About this task
Print out the data that follows exactly, character for character, apart from the pictures.

Data for review
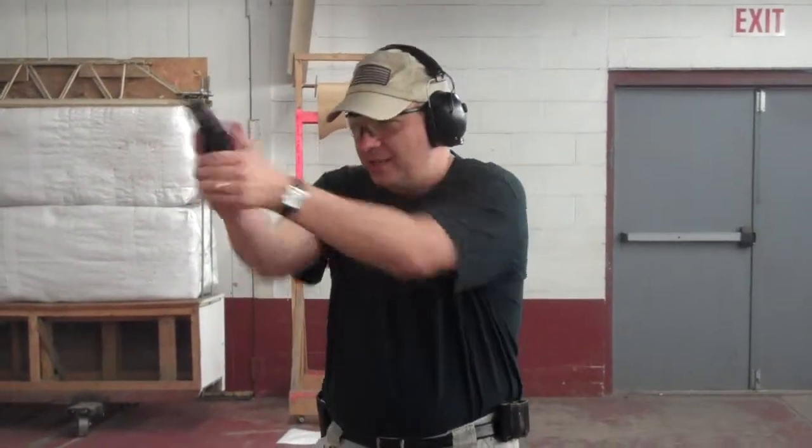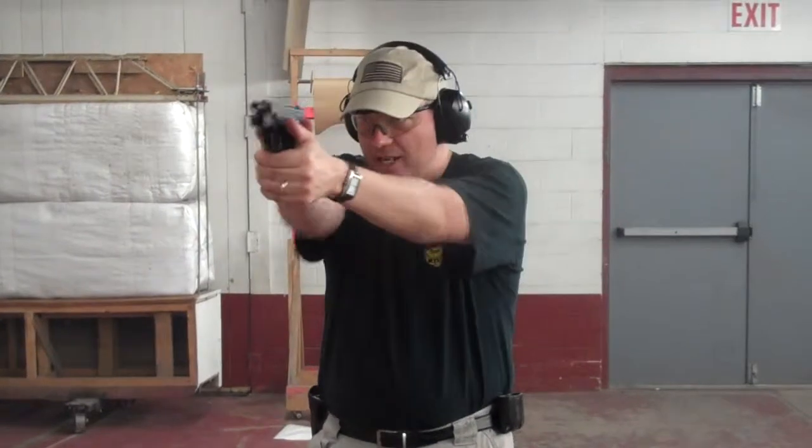You can do it blindfolded: drop, slap it in, go. Drop, slap it in, go. Over and over. Get back on the target, get back in the gunfight, and be the person who survives.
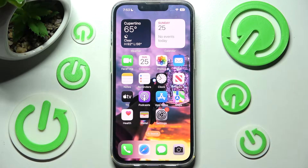Hi, in front of me is iPhone 13 and today I would like to show you how you can set up face unlock on this device.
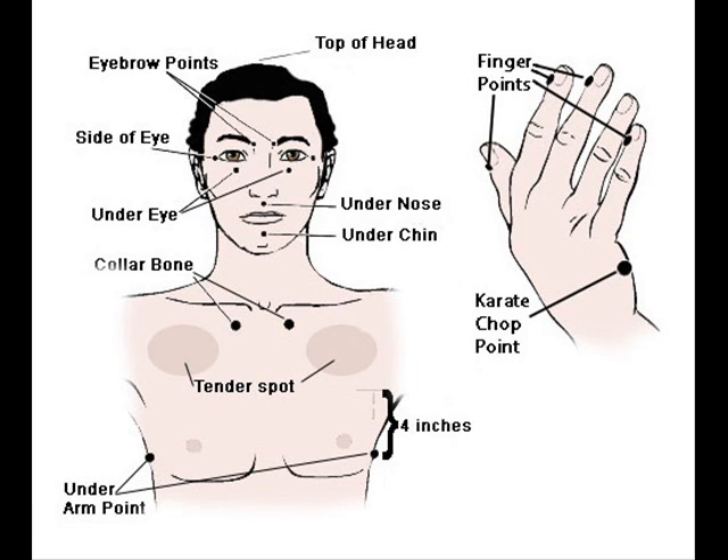And then you can tap the chin point: I'm releasing, I'm letting go. I'm releasing anything in my auric field — any attachments, any entities, any energies that don't belong to me. And I deeply and completely love and accept myself.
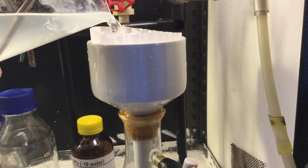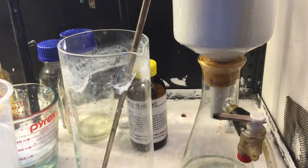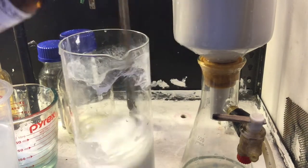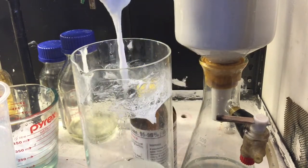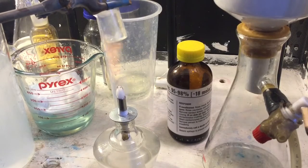I still have some leftover, so I process that as well — just pour it into the beaker, add sulfuric acid, stir until it gels up, and pull out the gel. It's quite simple. Now we're going to filter it.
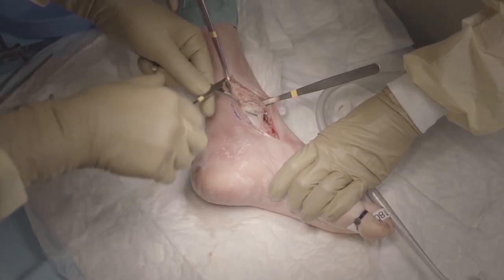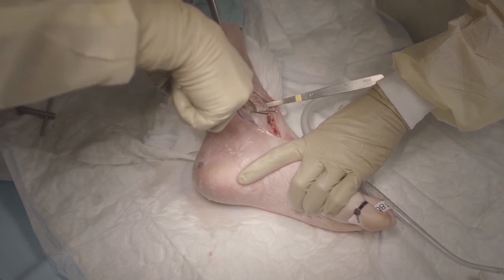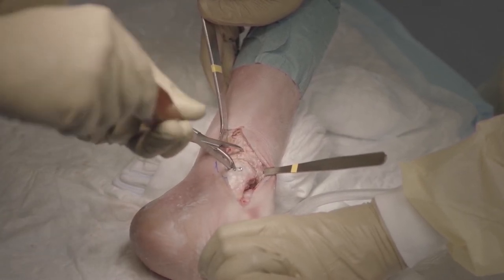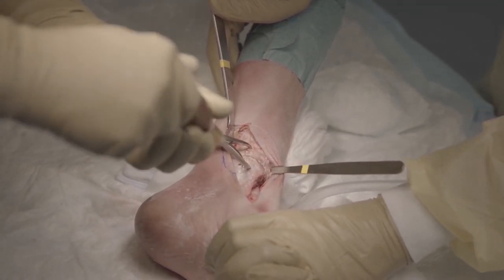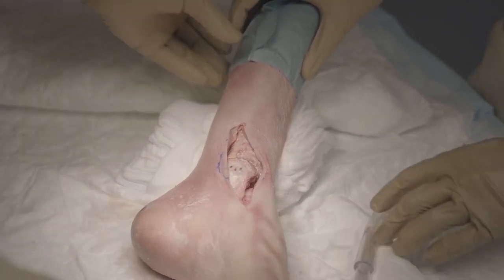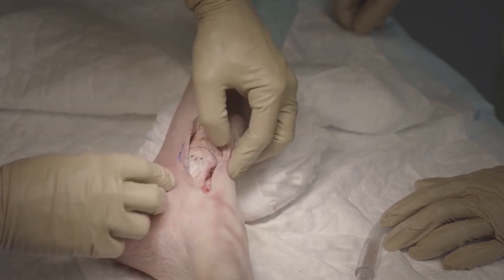When we are happy, we can close the osteotomy with some initial compression. We place 2.5 mm K-wires through the holes to secure the position, and exchange them for two 3.5 mm compression screws — 3.5 mm compression screws with short windings in order to secure the compression. Then we close the subcutaneous layer and finally close the skin with nylon sutures.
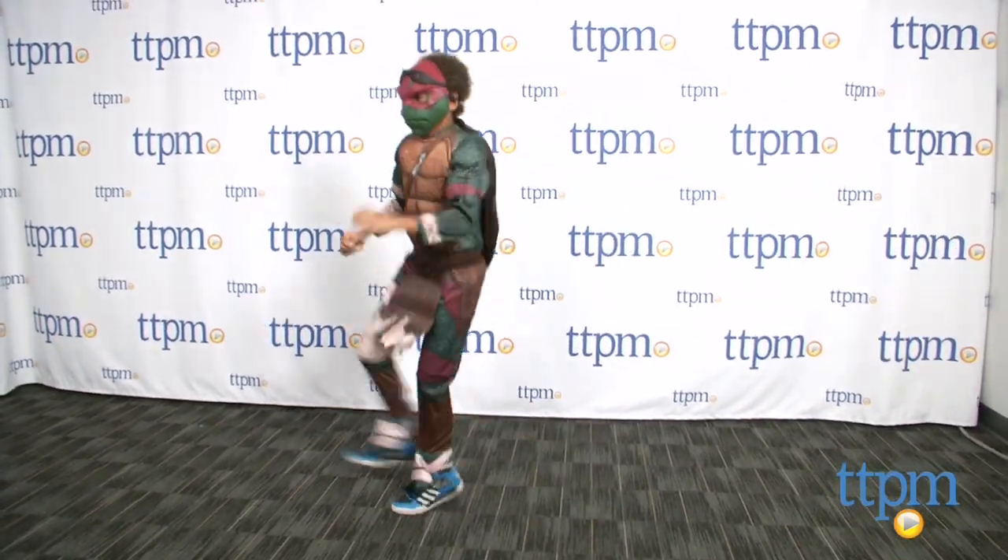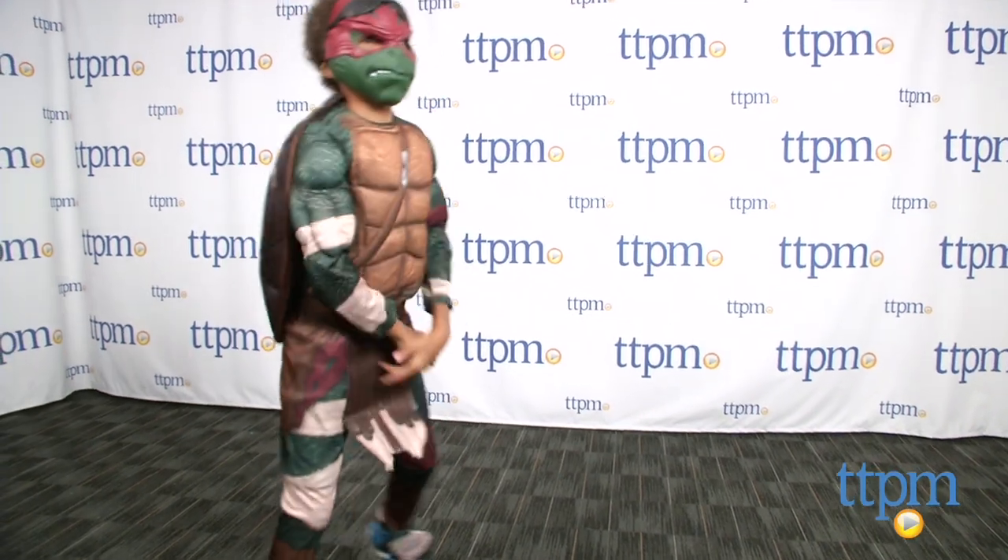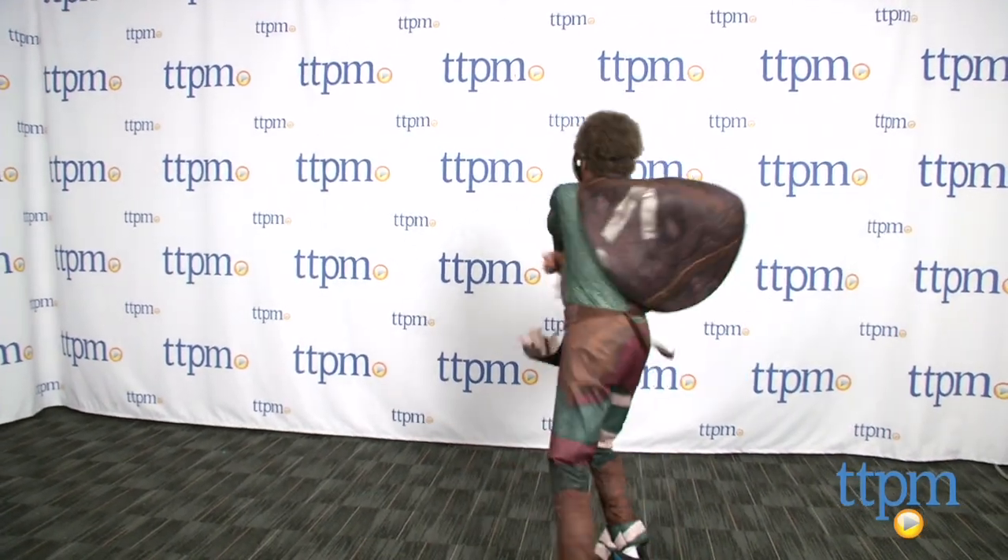Additional accessories like a pair of Sai are available and sold separately. This costume is fun for Halloween and everyday roleplay. The Teenage Mutant Ninja Turtles Raphael comes in various kid sizes and is made by Rubies.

Expected output
You can do it blindfolded: drop, slap it in, go. Drop, slap it in, go. Over and over. Get back on the target, get back in the gunfight, and be the person who survives.
Hi, in front of me is iPhone 13 and today I would like to show you how you can set up face unlock on this device.
And then you can tap the chin point: I'm releasing, I'm letting go. I'm releasing anything in my auric field — any attachments, any entities, any energies that don't belong to me. And I deeply and completely love and accept myself.
I still have some leftover, so I process that as well — just pour it into the beaker, add sulfuric acid, stir until it gels up, and pull out the gel. It's quite simple. Now we're going to filter it.
When we are happy, we can close the osteotomy with some initial compression. We place 2.5 mm K-wires through the holes to secure the position, and exchange them for two 3.5 mm compression screws — 3.5 mm compression screws with short windings in order to secure the compression. Then we close the subcutaneous layer and finally close the skin with nylon sutures.
Additional accessories like a pair of Sai are available and sold separately. This costume is fun for Halloween and everyday roleplay. The Teenage Mutant Ninja Turtles Raphael comes in various kid sizes and is made by Rubies.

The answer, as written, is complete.